Big George Foreman, with the passing of the great (or greatest) Muhammad Ali, has become the oldest living former world heavyweight champion, and the 67-year-old legend sure has a number of tales to tell. Foreman has literally seen it all, done it all, and lived to tell the story of it all. George has had some quite amazing life, no doubt. But despite all he has witnessed, the incomparable Ali still leaves George somewhat mystified and in awe.
These past two weeks have seen Foreman share with us all his memories of Ali, and George has paid great tributes to the former three-time king. One of the more interesting things Foreman had to say about his one-time archenemy came on the latest episode of Jim Lampley’s The Fight Game. Foreman spoke of an unexpected phone-call from Ali, “in the late ’70’s.”
At the time, when he had quit the ring to become a preacher, Foreman received a phone call from Ali, who askied him – or, more accurately, was pleading with him, to “come back and beat Ken Norton for me.”
Foreman told Lampley:
“I do not know how he got my number. He called me and complimented me for about twenty-minutes then he said, ‘ George, would you do me a favour? I said, ‘Certainly.’ He said, ‘Please come back and beat Ken Norton and fight him for me ……I can’t beat him. George, you can, he’s afraid of you. I’ll let you use my training camp and everything but please come back and beat him for me.”
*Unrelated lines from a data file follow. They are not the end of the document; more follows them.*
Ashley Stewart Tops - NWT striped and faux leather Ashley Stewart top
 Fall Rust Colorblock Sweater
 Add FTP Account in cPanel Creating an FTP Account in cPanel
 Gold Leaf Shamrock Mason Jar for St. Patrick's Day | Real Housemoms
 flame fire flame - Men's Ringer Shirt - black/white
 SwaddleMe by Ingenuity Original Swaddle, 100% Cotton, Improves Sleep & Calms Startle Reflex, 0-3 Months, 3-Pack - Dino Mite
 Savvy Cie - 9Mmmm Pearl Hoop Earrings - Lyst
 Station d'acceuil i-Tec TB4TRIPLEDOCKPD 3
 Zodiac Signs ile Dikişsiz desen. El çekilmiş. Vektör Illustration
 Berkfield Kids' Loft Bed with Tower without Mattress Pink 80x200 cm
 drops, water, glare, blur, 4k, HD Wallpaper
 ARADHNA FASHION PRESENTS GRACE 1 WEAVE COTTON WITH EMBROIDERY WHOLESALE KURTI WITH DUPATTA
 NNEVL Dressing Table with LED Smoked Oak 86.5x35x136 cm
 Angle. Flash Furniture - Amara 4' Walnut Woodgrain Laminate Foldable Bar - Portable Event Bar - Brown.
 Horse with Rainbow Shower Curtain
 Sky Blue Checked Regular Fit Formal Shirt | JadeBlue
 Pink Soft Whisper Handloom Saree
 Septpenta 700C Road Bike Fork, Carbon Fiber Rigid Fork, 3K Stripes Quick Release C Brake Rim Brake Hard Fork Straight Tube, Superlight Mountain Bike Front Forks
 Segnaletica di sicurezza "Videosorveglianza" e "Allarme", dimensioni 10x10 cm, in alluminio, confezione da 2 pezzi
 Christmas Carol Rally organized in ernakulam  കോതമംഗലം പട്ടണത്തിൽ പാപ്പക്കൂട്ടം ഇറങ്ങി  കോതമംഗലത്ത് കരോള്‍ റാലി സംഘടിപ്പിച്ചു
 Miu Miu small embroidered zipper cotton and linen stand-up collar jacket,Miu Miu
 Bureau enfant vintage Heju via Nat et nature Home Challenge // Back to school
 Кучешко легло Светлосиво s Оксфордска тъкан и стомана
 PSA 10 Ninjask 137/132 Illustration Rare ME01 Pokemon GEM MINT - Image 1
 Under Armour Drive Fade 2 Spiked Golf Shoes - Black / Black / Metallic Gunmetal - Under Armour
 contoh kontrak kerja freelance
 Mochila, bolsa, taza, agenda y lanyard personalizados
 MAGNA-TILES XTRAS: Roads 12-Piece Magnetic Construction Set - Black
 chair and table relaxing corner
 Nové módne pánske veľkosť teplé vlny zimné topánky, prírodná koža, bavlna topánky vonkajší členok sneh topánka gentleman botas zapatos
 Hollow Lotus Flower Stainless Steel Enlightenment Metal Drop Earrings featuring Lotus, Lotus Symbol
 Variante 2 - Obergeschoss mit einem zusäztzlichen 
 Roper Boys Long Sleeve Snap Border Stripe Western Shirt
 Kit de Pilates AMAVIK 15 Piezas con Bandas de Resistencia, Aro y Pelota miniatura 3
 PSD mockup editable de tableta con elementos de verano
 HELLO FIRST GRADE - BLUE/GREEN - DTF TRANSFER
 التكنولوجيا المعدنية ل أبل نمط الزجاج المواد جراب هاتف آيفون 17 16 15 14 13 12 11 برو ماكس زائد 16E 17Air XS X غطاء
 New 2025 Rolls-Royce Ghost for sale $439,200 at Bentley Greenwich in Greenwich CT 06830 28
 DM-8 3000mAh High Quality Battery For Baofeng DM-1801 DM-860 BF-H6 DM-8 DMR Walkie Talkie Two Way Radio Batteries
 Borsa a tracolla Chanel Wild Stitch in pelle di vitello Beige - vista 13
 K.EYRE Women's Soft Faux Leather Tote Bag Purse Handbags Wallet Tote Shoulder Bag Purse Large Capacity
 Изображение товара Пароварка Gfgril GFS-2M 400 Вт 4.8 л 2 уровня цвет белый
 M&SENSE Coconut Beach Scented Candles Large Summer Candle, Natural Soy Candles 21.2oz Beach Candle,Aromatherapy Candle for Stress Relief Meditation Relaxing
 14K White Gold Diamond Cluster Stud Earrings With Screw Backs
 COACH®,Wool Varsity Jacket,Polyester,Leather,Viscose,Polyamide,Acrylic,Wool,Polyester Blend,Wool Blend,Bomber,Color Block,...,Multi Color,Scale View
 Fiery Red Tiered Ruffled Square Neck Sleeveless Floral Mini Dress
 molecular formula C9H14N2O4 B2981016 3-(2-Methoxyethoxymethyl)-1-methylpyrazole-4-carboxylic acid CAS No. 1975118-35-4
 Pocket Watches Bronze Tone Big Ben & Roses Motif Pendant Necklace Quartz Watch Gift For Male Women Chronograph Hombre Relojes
As fans know, Foreman, in his sole meeting with Norton, crushed his challenger inside two impressive rounds. Ali of course never really managed to figure out Norton’s style, beating him by two razor-thin decisions after losing his first encounter with the ex-marine. Foreman may have fallen to Ali’s magic but when it came to making Norton disappear, he was the man, not Ali. So when exactly did Ali call Foreman with his “request?”
Ali had his third fight with Norton in September of 1976, retaining the title he had regained by stopping Big George two years earlier. Norton, and a whole lot of other people, felt the verdict handed in at Yankee Stadium was a bad one. Norton wanted, demanded, a fourth go at Ali and he was in a prime position to get what he wanted. But if the retired Foreman came back (he was after all, just 28 when he quit after losing on points to Ali and Norton common opponent Jimmy Young) and crushed Norton once again, Ali would have been off the hook. Maybe this is what Ali had in mind: Foreman gets rid of his boogeyman and then, in return, he gives Foreman – a man he would have been sure of beating again – a rematch. This scenario might have seemed a whole lot more palatable to the ageing Ali than a fourth, nip-and-tuck, stylistic nightmare of a fight with Norton.
Of course, Foreman ignored Ali’s pleas; waiting instead until 1987 to make his ring return. Ali, then, never got everything he wanted. But how different might heavyweight history have been if George had paid heed to Ali’s mysterious phone call?